Es una verdad mundialmente reconocida que un hombre soltero, poseedor de una gran fortuna, necesita una esposa.

Sin embargo, poco se sabe de los sentimientos u opiniones de un hombre de tales condiciones cuando entra a formar parte de un vecindario.

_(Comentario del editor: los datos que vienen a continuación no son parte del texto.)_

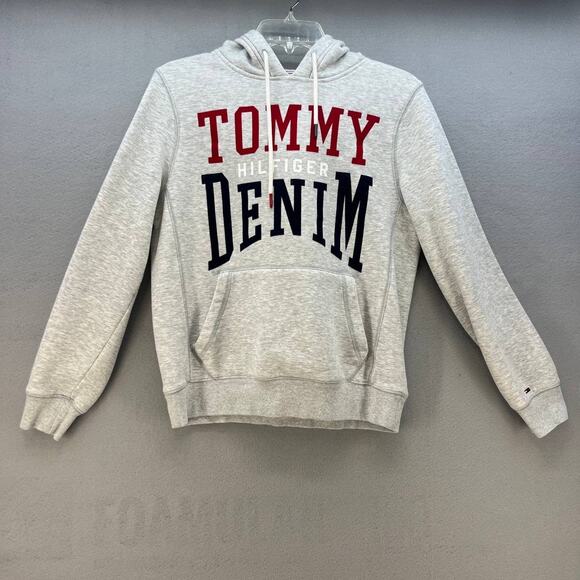 Tommy Hilfiger Tops - Tommy Hilfiger Denim Sweatshirt Women's Size S Gray Red and Blue Hoodie Preppy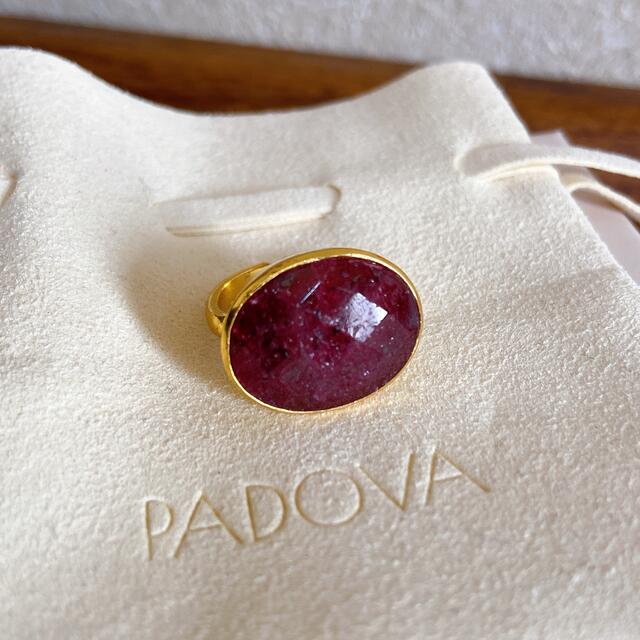 【美品】Padova リング　ヌン　ルビー　フリーサイズ レディースのアクセサリー(リング(指輪))の商品写真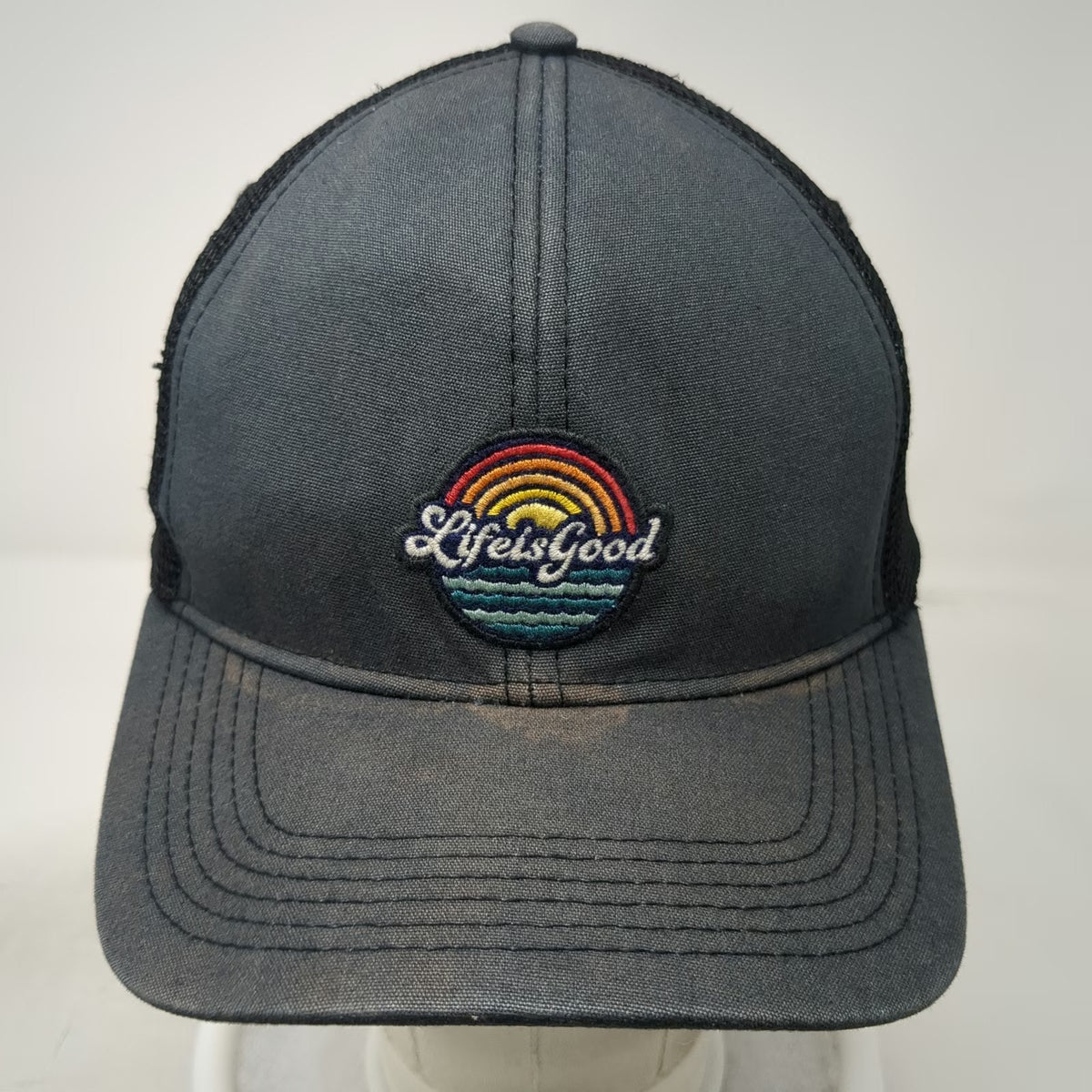 Life is Good Trucker Hat Blue One Size Rainbow Graphic Mesh Snapback Patch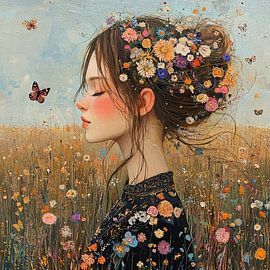 Bloemenveld | Bloemen Vrouw van Blikvanger Schilderijen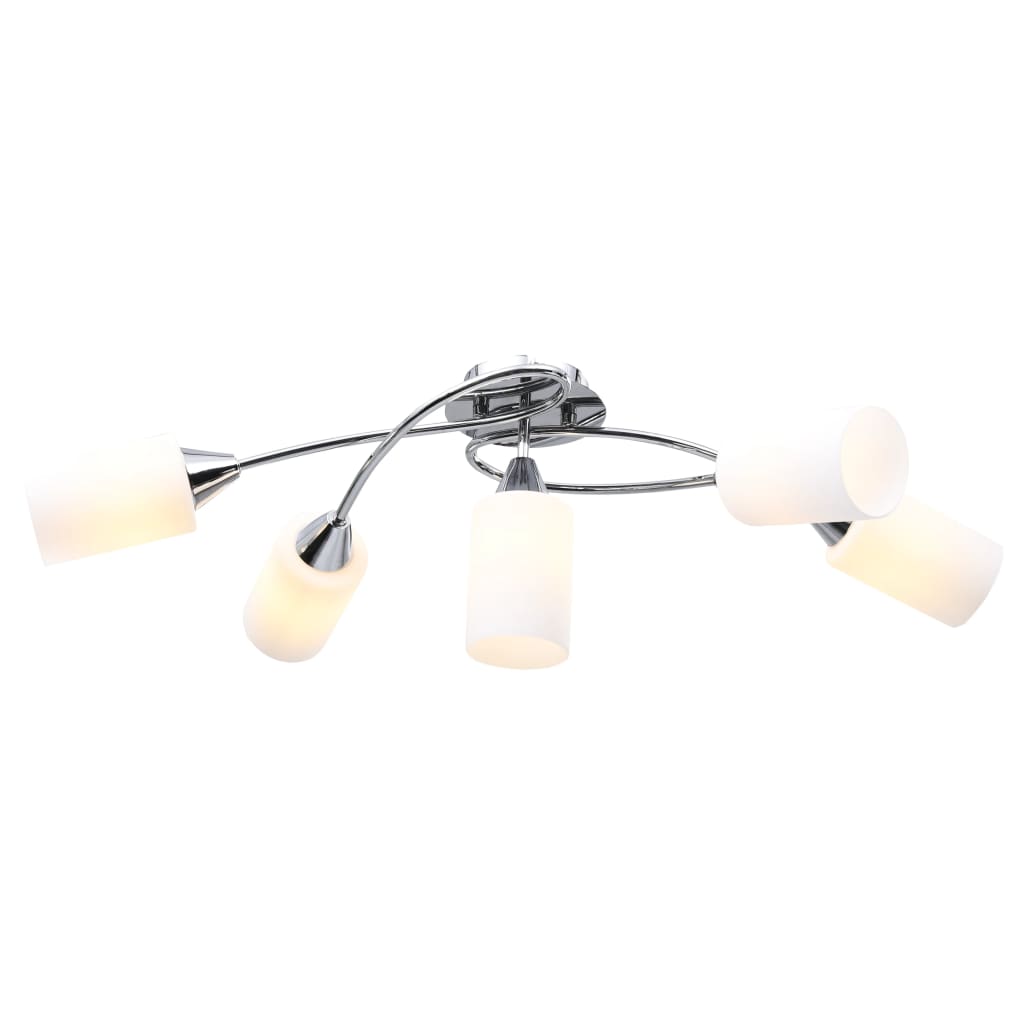 vidaXL Stropná lampa+keramické tienidlá na 5 žiaroviek E14,biely kužeľ-1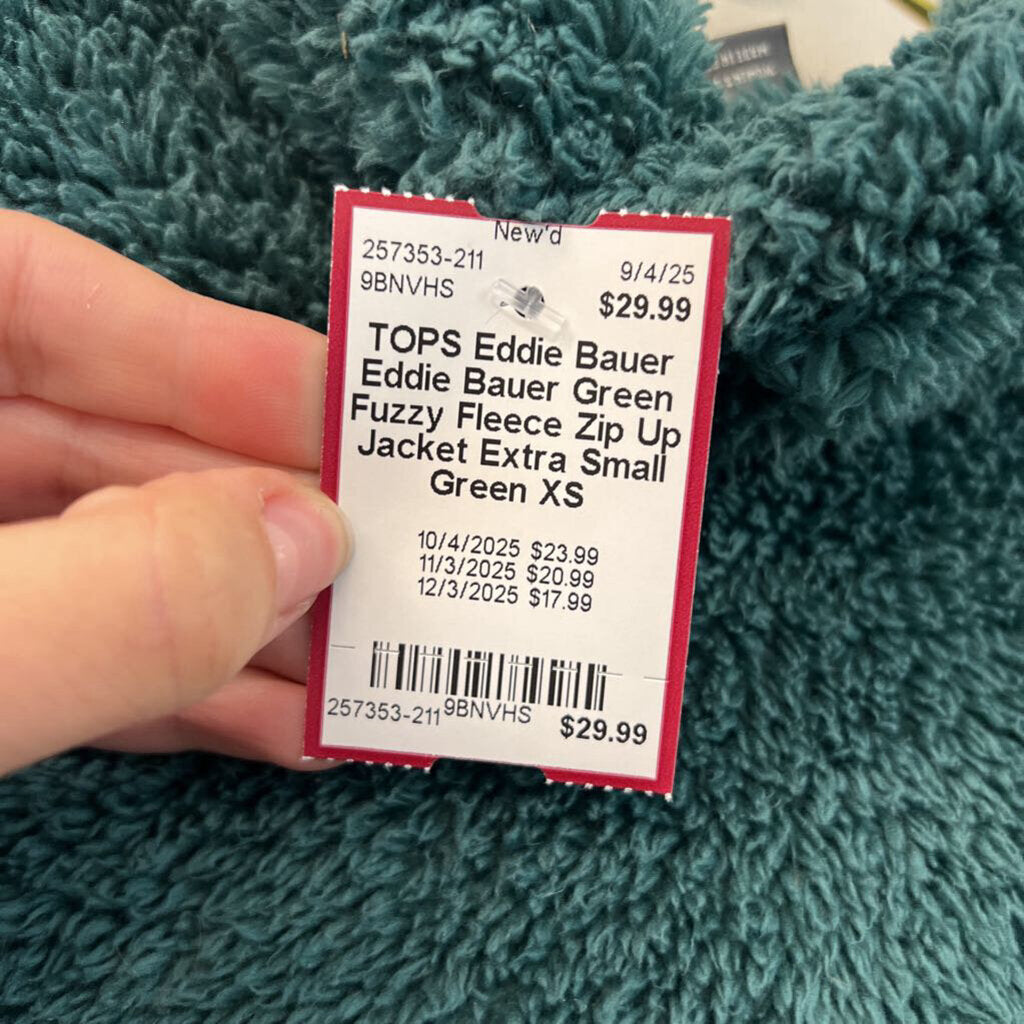 Eddie Bauer Green Fuzzy Fleece Zip Up Jacket Extra Small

Esta verdad está tan arraigada en las mentes de algunas de las familias que lo rodean, que algunas le consideran de su legítima propiedad y otras de la de sus hijas.

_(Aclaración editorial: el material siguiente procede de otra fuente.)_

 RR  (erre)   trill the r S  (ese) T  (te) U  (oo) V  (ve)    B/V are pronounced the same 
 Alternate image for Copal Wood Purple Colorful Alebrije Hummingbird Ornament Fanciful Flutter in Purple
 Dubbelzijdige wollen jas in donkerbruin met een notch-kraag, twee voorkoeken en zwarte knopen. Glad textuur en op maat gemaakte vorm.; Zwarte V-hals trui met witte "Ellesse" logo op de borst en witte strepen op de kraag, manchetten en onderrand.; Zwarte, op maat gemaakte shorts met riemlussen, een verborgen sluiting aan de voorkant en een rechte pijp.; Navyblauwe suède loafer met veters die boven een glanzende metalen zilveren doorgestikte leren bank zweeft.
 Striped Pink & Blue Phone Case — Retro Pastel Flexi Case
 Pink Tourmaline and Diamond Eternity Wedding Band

―Mi querido señor Bennet ―le dijo un día su esposa―, ¿sabías que, por fin, se ha alquilado Netherfield Park?

El señor Bennet respondió que no.

―Pues así es ―insistió ella―; la señora Long ha estado aquí hace un momento y me lo ha contado todo.

El señor Bennet no hizo ademán de contestar.

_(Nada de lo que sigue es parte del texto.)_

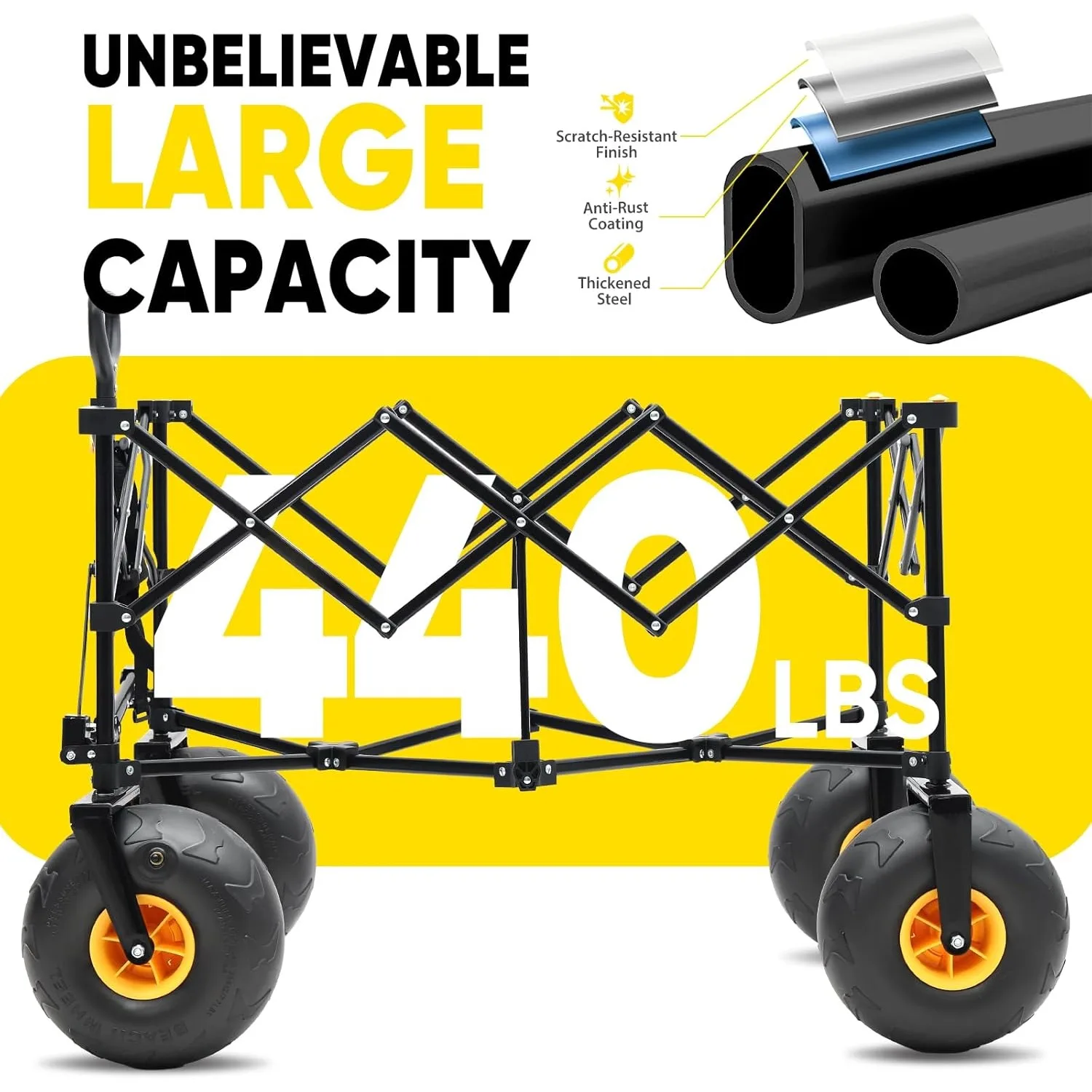 عربة الشاطئ Duty Beach مع عجلات كبيرة مقاومة للرمل مقاس 9 بوصات - سعة 440 رطل، عربة قابلة للطي كبيرة الحجم سعة 200 لتر |   مقبض قابل للتعديل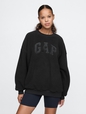 Oversized Sherpa Heart Logo Sweatshirt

―¿No quieres saber quién lo ha alquilado? ―se impacientó su esposa.

―Eres tú la que quieres contármelo, y yo no tengo inconveniente en oírlo.

Esta sugerencia le fue suficiente.

―Pues sabrás, querido, que la señora Long dice que Netherfield ha sido alquilado por un joven muy rico del norte de Inglaterra; que vino el lunes en un landó de cuatro caballos para ver el lugar; y que se quedó tan encantado con él que inmediatamente llegó a un acuerdo con el señor Morris; que antes de San Miguel vendrá a ocuparlo; y que algunos de sus criados estarán en la casa a finales de la semana que viene.

―¿Cómo se llama?

―Bingley.

―¿Está casado o soltero?

―¡Oh!, soltero, querido, por supuesto. Un hombre soltero y de gran fortuna; cuatro o cinco mil libras al año. ¡Qué buen partido para nuestras hijas!

―¿Y qué? ¿En qué puede afectarles?

―Mi querido señor Bennet ―contestó su esposa―, ¿cómo puedes ser tan ingenuo? Debes saber que estoy pensando en casarlo con una de ellas.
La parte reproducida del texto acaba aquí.